Russia’s war in Ukraine, the backdrop to Pope’s Kazakh visit

The most noteworthy aspects of Pope Francis’ visit to Kazakhstan might be the missed opportunities.

By Nicole Winfield and Kostya Manenkov


The Diplomat (13.09.2022) – https://bit.ly/3LbbRr6 – Russia’s war in Ukraine and the Holy See’s strained relations with China are the backdrop to Pope Francis’ visit this week to the former Soviet republic of Kazakhstan, where he is ministering to a tiny Catholic community and participating in an interfaith conference aimed at promoting peace and dialogue.

Francis was flying Tuesday to the Kazakh capital of Nur-Sultan to meet with President Kassym-Jomart Tokayev during the state visit portion of the three-day trip. On Wednesday and Thursday, he participates in an interfaith meeting with more than 100 delegations of Muslim, Christian, Jewish, Buddhist, Shinto, and other faith groups from 50 countries.

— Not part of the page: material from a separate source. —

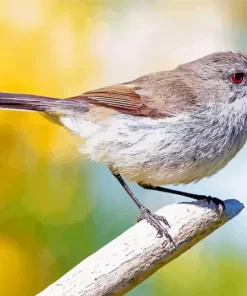 Grey Warbler Paint By Numbers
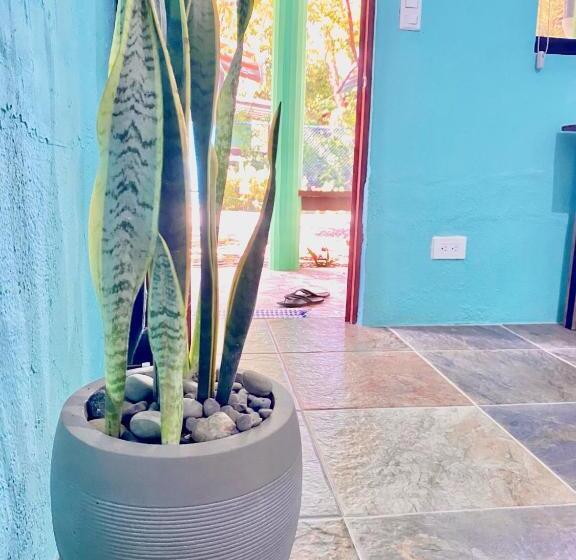 اتاق استاندارد, Boutique Rooms At La Junta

The most noteworthy aspects of Francis’ visit might be missed opportunities: Francis was supposed to have met with the head of the Russian Orthodox Church on the sidelines of the conference. But Patriarch Kirill, who has justified the war in Ukraine, canceled his trip last month.

Francis is also going to be in the Kazakh capital at the same time as Chinese President Xi Jinping, who is making his first foreign visit since the coronavirus pandemic.

Xi is not attending the religious congress. On the pope’s flight to Kazakhstan, Francis was asked about a possible meeting with Xi and replied: “I don’t have any news about this. But I am always ready to go to China.”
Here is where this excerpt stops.